Thomas Cook have found themselves in a furore over the death of two children at a hotel in Corfu. Their real sin – in the eyes of the parents and the tabloid press – seems to have been that they did not express much contrition at the time and have steadfastly refused to apologise since then. The fact that they received a substantial pay-out from the hotel to cover damage to their reputation and PR expenses has, quite understandably, just added to fuel to the fire.
At the time of the incident in Corfu, Thomas Cook was in the hands of an arrogant and incompetent management who were running the company into near bankruptcy and awarding themselves ever-increasing salaries and bonuses. Their poor behaviour in this case was simply part of an overall malaise in the company. These people departed a long time ago and the person brought in to bring the group back into shape has also left which, if judged by the stockmarket’s reaction, was a very positive move. The company is now, finally, in more sensible hands but the new management will really have their work cut out to rescue this particular situation.
The standard PR advice when a company is involved in an event where people are killed or injured is that the CEO should make a full and frank statement of contrition. CEO’s are human too; they have wives and children and have not set out to hurt their customers. In many cases, they will be genuinely shocked and upset at what has happened.

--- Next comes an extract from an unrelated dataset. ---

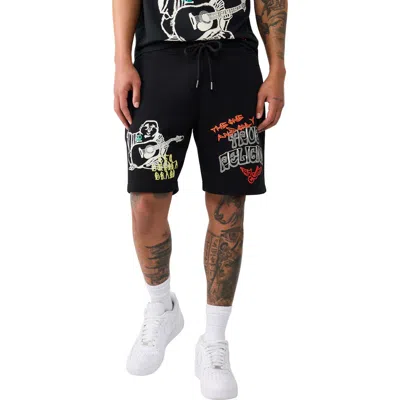 True Religion Sketched Logo Fleece Sweat Shorts In Black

However, despite the PR advice, they will be firmly told by their company lawyers that they must not say anything that could be seen as accepting even a tiny bit of liability. The company’s insurers will probably back this up with a threat to suspend cover if the CEO says anything remotely prejudicial to a possible legal case.

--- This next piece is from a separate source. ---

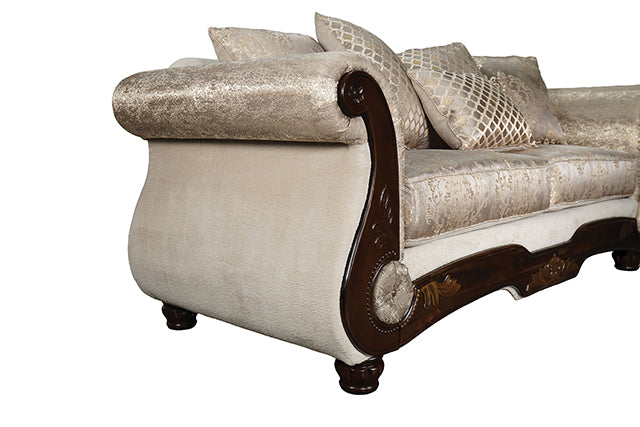 Fasciano Loveseat - Beige Tan/Dark Cherry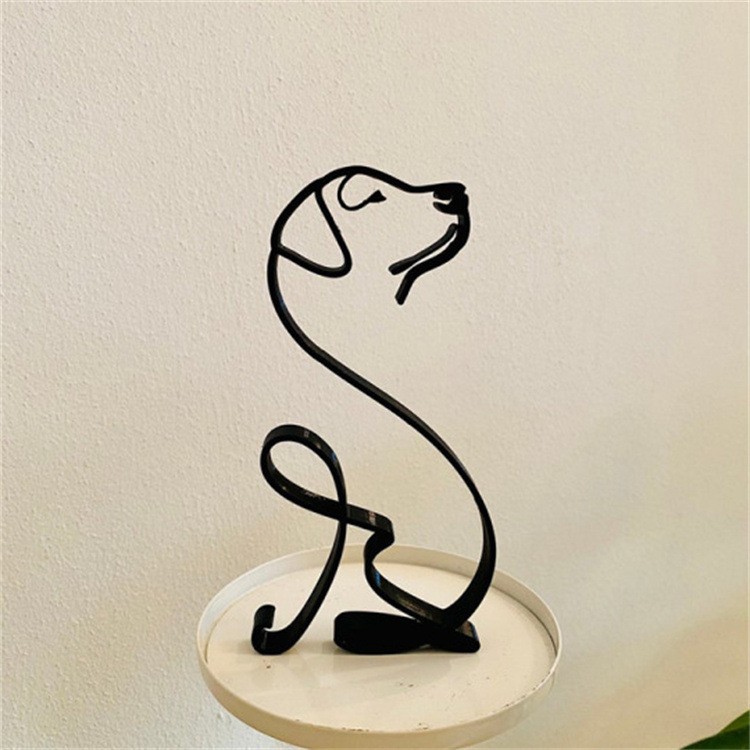 Dog Breed Line Art Sculpture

In many instances, a CEO is tied. He knows what he should say – and probably want to say – but cannot.
I was actually rather shocked at the reaction of the CEO of Lufthansa to the Germanwings crash. Within days of the accident, and well before even a preliminary report had been prepared by official investigators, he appeared to be accepting some of the blame. In one way, his reaction was spot-on – it was quite clearly honest and heart-felt. He was as shocked and upset as anyone. The company’s sensitive behaviour was almost a text book example of how to behave in such an event. But had he cleared his comments with his insurers or did he just feel it was worth the risk?
Thomas Cook will have to pay for the sins of their previous management but properly-managed, honest companies have a huge problem balancing the opposing demands of their PR advisers and their insurers.